27 Mayıs’ı gerçekleştiren darbe yapılanmalarının birbirini fark ederek birleşmeleri ve darbe komitesinin oluşumu 1957’de olmuştur. Komite tabandan tavana doğru örgütlenmiş, birbirinden habersiz hücrelerden oluşmuştur. Kamuoyu tarafından ordunun askeri müdahale yapabileceği ihtimali ilk kez 1958 yılının ilk günlerinde yaşanan 9 Subay Hadisesi’yle belirdi. Yarbay Samet Kuşçu, 9 subayın ismini vererek hükümeti değiştirmeye yönelik askeri bir darbe yapılacağı ihbarında bulundu. Kuşçu’nun ihbar ettiği bu subaylar hükümete karşı darbeye teşebbüsten tutuklanarak Askeri Mahkeme’de yargılandılar. DP Hükümeti’nin ihbarı yeterince ciddiye almayıp, tahkikatı derinleştirmemesi, 9 subayın delil yetersizliğinden beraat ettirilmesine ve Yarbay Kuşçu’nun iftira atmaktan cezalandırılmasına sebep oldu. Oysa 27 Mayıs’ta ihbarın doğru olduğu anlaşılacaktı.

Ülkede ağır ekonomik sorunlar, siyasi krizler, parti içi kavgalar yaşanıyordu. İktidar ile muhalefet arasındaki çatışma; gerginliği, huzursuzluğu ve kutuplaşmayı daha da artırdı. Bu arada DP’nin Tahkikat Komisyonu’nu kurması İstanbul Üniversitesi’nde öğrenciler tarafından protesto edildi. Öğrencilerin protestolarına polisin sert müdahalesi olayların kısa sürede daha da büyümesine sebep oldu. Olaylar İstanbul’dan Ankara’ya sıçradı. Büyük şehirlerde DP iktidarına yönelik protesto mitingleri düzenlenmeye başlandı. “555K” yani 5. ayın 5’inde saat 5’te Kızılay’da toplanan kalabalıklar DP Hükümeti’nin istifa etmesini istediler. Halk, ilk kez bu kadar kalabalık bir şekilde hükümete yönelik protesto yapıyordu. Hükümet; askerin verdiği mesajdan ziyade, Harbiyelilerin tahrik edilip edilmediğiyle ilgilendi. Hükümet, Harb Okulu’nun ve askeri birliklerin Ankara’dan ayrılmasına Konya ve Adapazarı’ndaki askerlerle yer değiştirmelerine karar verdi.

Askeri müdahale için bütün riskleri alan ordu, Tümgeneral Cemal Madanoğlu komutasında sabaha karşı 27 Mayıs 1960 tarihinde 03.30’da harekete geçti.
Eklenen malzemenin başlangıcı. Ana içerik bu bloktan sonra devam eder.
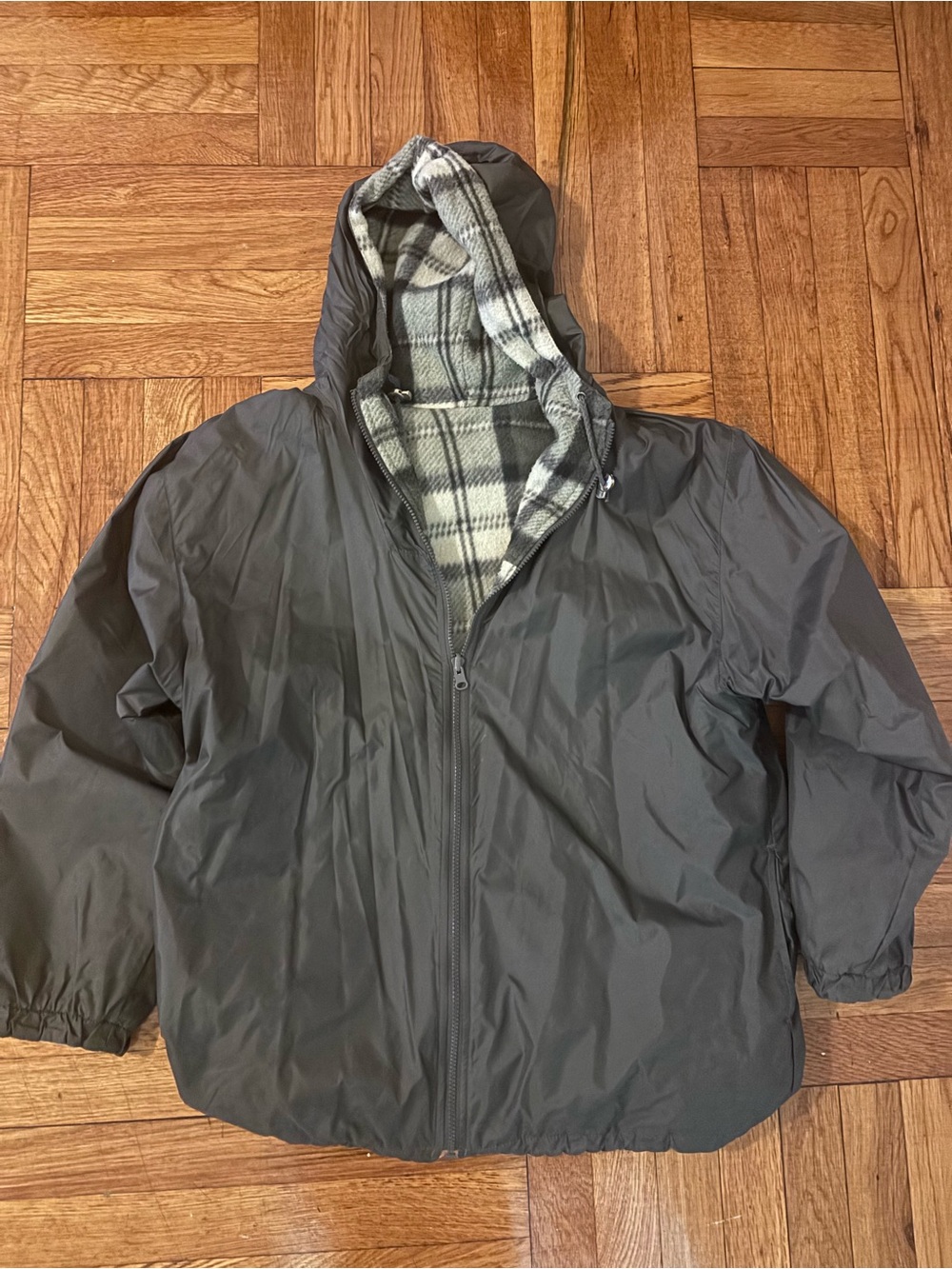 Men's Gray Hooded Insulated Jacket with Plaid Fleece Lining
Bir direnişle karşılaşmayan asker, kısa sürede ülkedeki kontrolü ele geçirdi, önce Cumhurbaşkanı Celal Bayar’ı, sonra bakanları ve en son Başbakan Menderes’i tutuklayarak sivil yönetimi devirdi. Org. Cemal Gürsel askeri müdahalenin başına geçti. Kısa sürede Org. Cemal Gürsel başkanlığında 38 kişilik bir Milli Birlik Komitesi oluşturularak ülke yönetimini eline aldı.

Askeri müdahaleyle DP’liler tutuklandılar ve yargılanmak üzere Yassıada’ya gönderildiler. On bir aylık bir mahkeme neticesinde DP’nin önde gelen 15 ismi hakkında idam kararı çıkarken 402 sanık da çeşitli cezalara çarptırıldı. Milli Birlik Komitesi 15 kişilik idam kararından Başbakan Adnan Menderes, Maliye Bakanı Hasan Polatkan ve Dışişleri Bakanı Fatin Rüştü Zorlu’nun idam kararlarını onayladı. Cumhurbaşkanı Celal Bayar’ın da içinde yer aldığı 12 kişinin idam kararı da ömür boyu hapse dönüştürüldü. Milli Birlik Komitesinin kararları hızla yerine getirilerek Maliye Bakanı Hasan Polatkan ve Dışişleri Bakanı Fatin Rüştü Zorlu’nun cezaları 16 Eylül’de ve Başbakan Adnan Menderes’in cezası ise 17 Eylül 1961’de infaz edildi. Darbe sonrası Demokrat Parti kapatıldı.